List of Flow boards probably missing images: P74368

List of Flow topics probably missing images: P74367

(I excluded a bunch of pages where the only missing image was some trivial icon, or part of a massmessage, as I frankly don't care)

There are few enough that I think it is entirely practical to delete the exports for just those 200 or so pages and re-import. So, after a much closer look, I would like mw:Image (and mw:image/whatever too) backcompat restored. This isn't urgent - it can wait until .23, but should be done sometime soon.

I also checked mw:Audio and mw:Video - there were few enough that the only missing video was https://www.mediawiki.org/wiki/Project:Support_desk/Flow/2022/04 which I just added manually.

Or perhaps just fix the bug that Parsoid silently deletes figure tags it doesn't recognize, rather than emitting the literal wikitext <figure> and recursing into their content.
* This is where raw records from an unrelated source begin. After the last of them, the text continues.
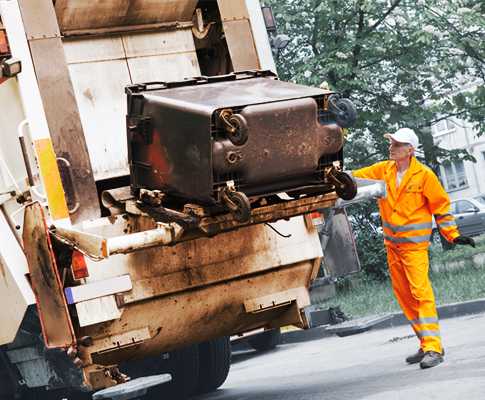 waste truck picking up bin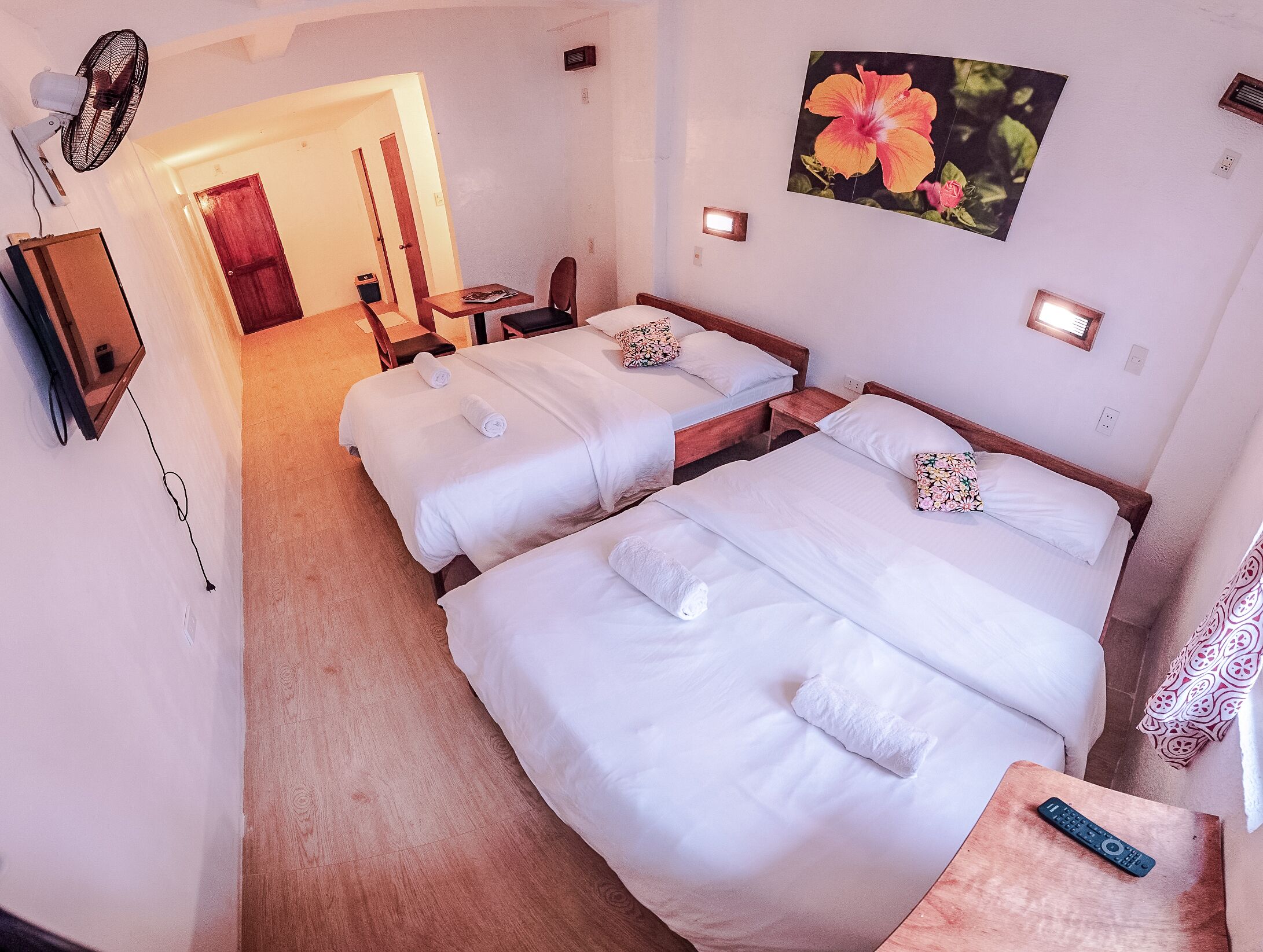 Camera d'albergo con due letti, una scrivania, una sedia, una ventola, un quadro e un telecomando.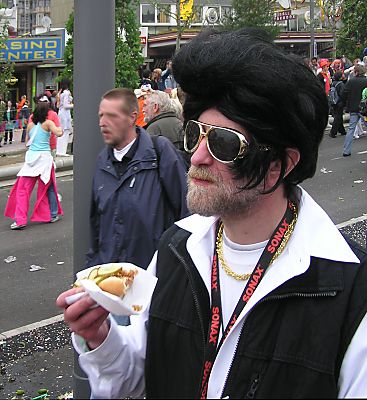 011_14215 - ein brtiger Elvis mit Goldkette und grosser Sonnenbrille mit Goldrand isst ein Sandwich am Spielbudenplatz.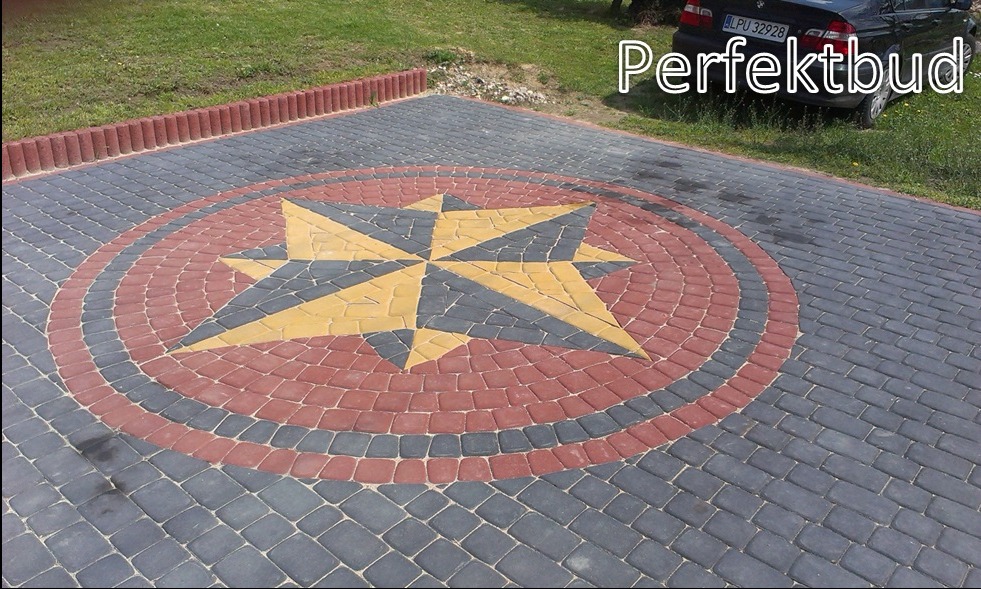 Ułożona kostka brukowa z wzorem rozety w kolorach żółtym, czerwonym i szarym, obrzeże z czerwonych palisad, trawnik i fragment samochodu w tle.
If it did that, that would turn the impact of the lack of BC here from "content is silently lost" to "content is wrapped in a useless set of HTML tags" - I'm fine with the latter as part of the known Flow export noise, and am much more concerned by the former.

Thanks everyone for prodding me to look at this more closely, and awakening me from the "flow export is inevitably messy" stupor I had fallen into.

Change #1131812 had a related patch set uploaded (by Pppery; author: Pppery):

[mediawiki/services/parsoid@master] Do not delete old Flow board images when unserializing

https://gerrit.wikimedia.org/r/1131812

Change #1131812 abandoned by Pppery:

[mediawiki/services/parsoid@master] Do not delete old Flow board images when converting to wikitext

https://gerrit.wikimedia.org/r/1131812

Change #1131812 restored by Arlolra:

[mediawiki/services/parsoid@master] Do not delete old Flow board images when converting to wikitext

https://gerrit.wikimedia.org/r/1131812

Change #1131812 merged by jenkins-bot:

[mediawiki/services/parsoid@master] Do not delete old Flow board images when converting to wikitext

https://gerrit.wikimedia.org/r/1131812

Change #1132724 had a related patch set uploaded (by Arlolra; author: Arlolra):

[mediawiki/vendor@master] Bump wikimedia/parsoid to 0.21.0-a23

https://gerrit.wikimedia.org/r/1132724

Change #1132724 merged by jenkins-bot:

[mediawiki/vendor@master] Bump wikimedia/parsoid to 0.21.0-a23

https://gerrit.wikimedia.org/r/1132724

Pppery claimed this task.

Confirmed that the wikitext call above now shows the image.